▶ **Data shown**
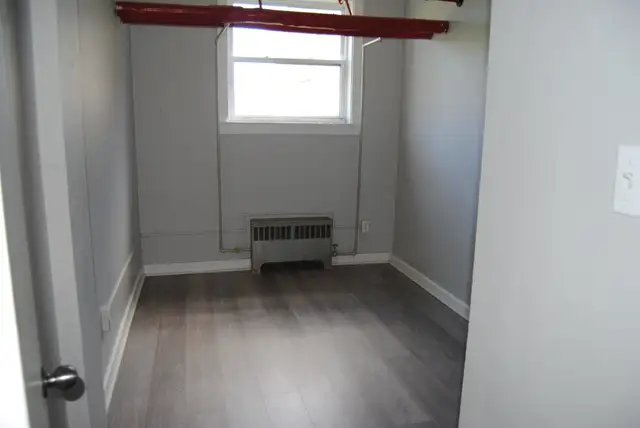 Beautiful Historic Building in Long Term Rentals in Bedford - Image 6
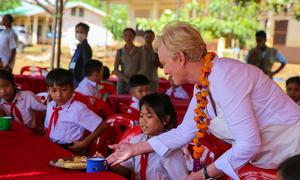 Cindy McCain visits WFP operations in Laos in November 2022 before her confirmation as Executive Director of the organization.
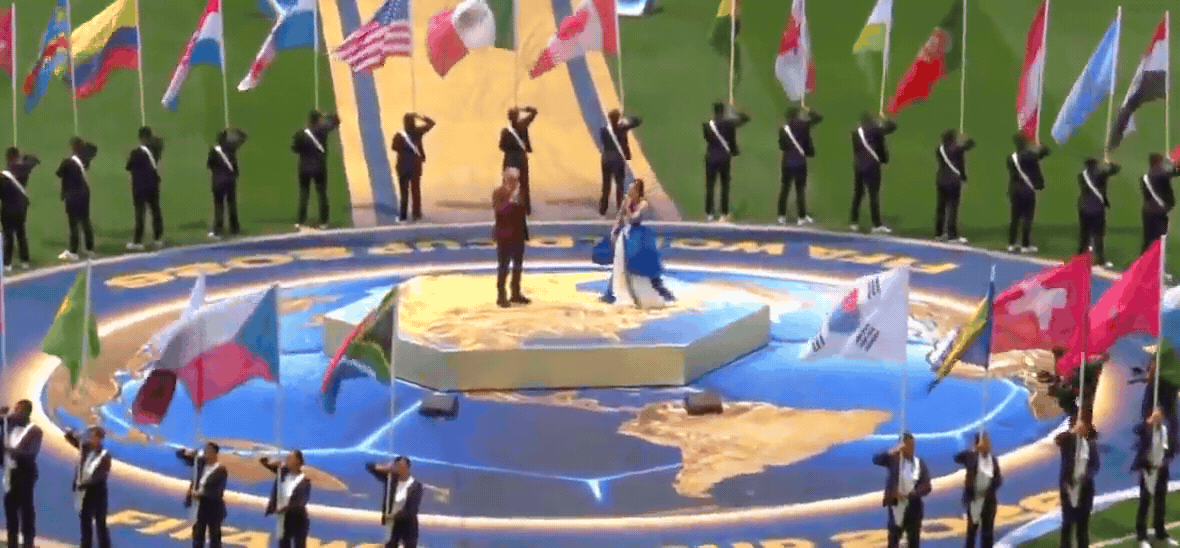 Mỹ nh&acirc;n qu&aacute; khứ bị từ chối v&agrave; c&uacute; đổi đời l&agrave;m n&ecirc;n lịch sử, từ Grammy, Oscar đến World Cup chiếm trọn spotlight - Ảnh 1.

* * *

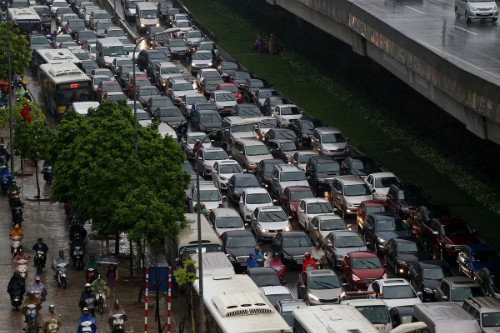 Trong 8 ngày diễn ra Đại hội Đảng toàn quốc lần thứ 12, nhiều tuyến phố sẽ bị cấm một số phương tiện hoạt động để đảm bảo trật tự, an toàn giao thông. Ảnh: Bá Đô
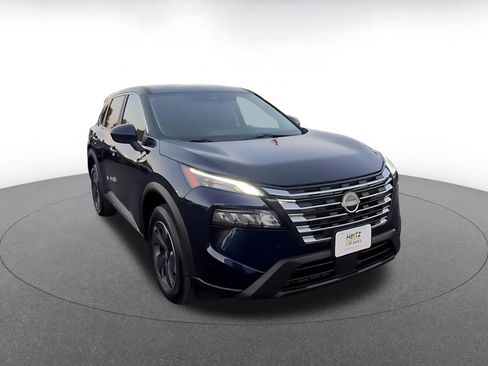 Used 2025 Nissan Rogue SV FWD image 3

▶ **Task requirements**
In the entries above, find the line with "Cindy McCain visits" and the line with "Mỹ nh&acirc;n qu&aacute;". Write out exactly those two lines and every line between them, pictures excluded.

▶ **Response to this task**
 Cindy McCain visits WFP operations in Laos in November 2022 before her confirmation as Executive Director of the organization.
 Mỹ nh&acirc;n qu&aacute; khứ bị từ chối v&agrave; c&uacute; đổi đời l&agrave;m n&ecirc;n lịch sử, từ Grammy, Oscar đến World Cup chiếm trọn spotlight - Ảnh 1.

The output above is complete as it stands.